Thinking I was Larry Bird or some other really good basketball player, I attempted to shoot the empty toilet paper tube into the garbage can in my bathroom this evening. You don’t want to know where I was sitting at the time. That’s besides the point. Anyway, I tried to get the tube into the can and failed miserably. At first I was appaled at how atrocious my basketball skills have gotten over the years, but then I realized, that my basketball skills don’t define me. It’s just a game and I was just trying to have some fun. But really, I missed so badly. The tube hit the cabinet, totally missing the waste basket. The saddest part of it all was that I was less than two feet away from the trash can.
So, while I was frustrated with my poor shooting abilities, I certainly didn’t get angry. However, after reading Sarah Albee’s entry in Kate Messner’s book 59 Reasons to Write, I was filled with much rage. First, she claimed that most students view history as being their least favorite class. Well, perhaps in schools where they still use textbooks and have uneducated teachers teaching. At my school, history is one of the highlights for our students. They love their history classes across the board. They love history because we make classes fun and engaging. They are filled with much discussion and debate. We don’t focus on the facts and figures. We examine the big ideas and start to help students understand the hows and whys of history. They love it. I was appaled that Albee made this false accusation in a published book. It sends the wrong message to readers. History is and should be one of our students’ favorite classes, if it’s done right.
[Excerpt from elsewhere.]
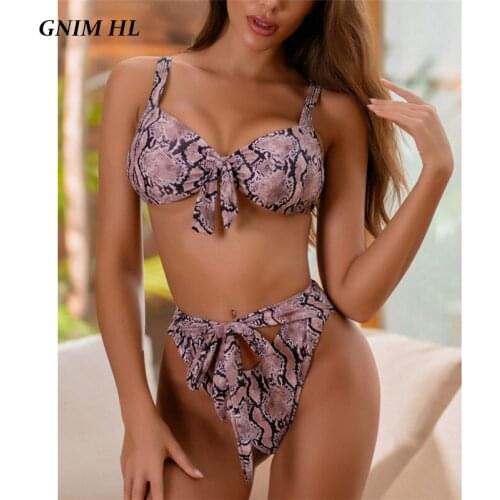 GNIM High Waist Snake Print Bikini Swimsuit Women 2020 Sexy Hollow Out Bather Suit Women Two Pieces Bandage Brazilian Swimsuit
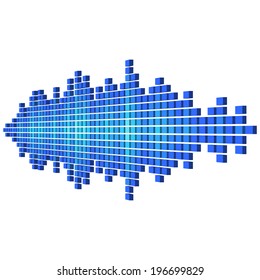 Perspective 3D blue sound waveform made of cubes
Now, my anger didn’t end there. While she did say that most texbooks used in schools today are boring, she went on to basically say that schools still need to use textbooks to teach various subjects like history. It’s baffling to me how wrong she is. In fact, textbooks are one of the reasosn why our students are failing to grow into creative problem solvers. Textbooks spoon feed everything to the students. They take critical thinking out of the equation. We need to remove textbooks from classrooms. I haven’t used a textbook in the sixth grade for several years now and my students are all the better for it. I teach my boys to think for themselves, question everything, and find creative solutions to problems. Textbooks do just the opposite of those big three ideas. So, no Ms. Albee, we don’t need textbooks in schools, we need dedicated and motivated teachers in schools who want to support and help students think critically about the world around them.
I’m now beginning to wonder how closely Kate Messner vetted the entries in this book. It seems as though any crazy idea made the cut as long as that person was a published author. It takes a lot more to be an authority on a topic than just having a book published.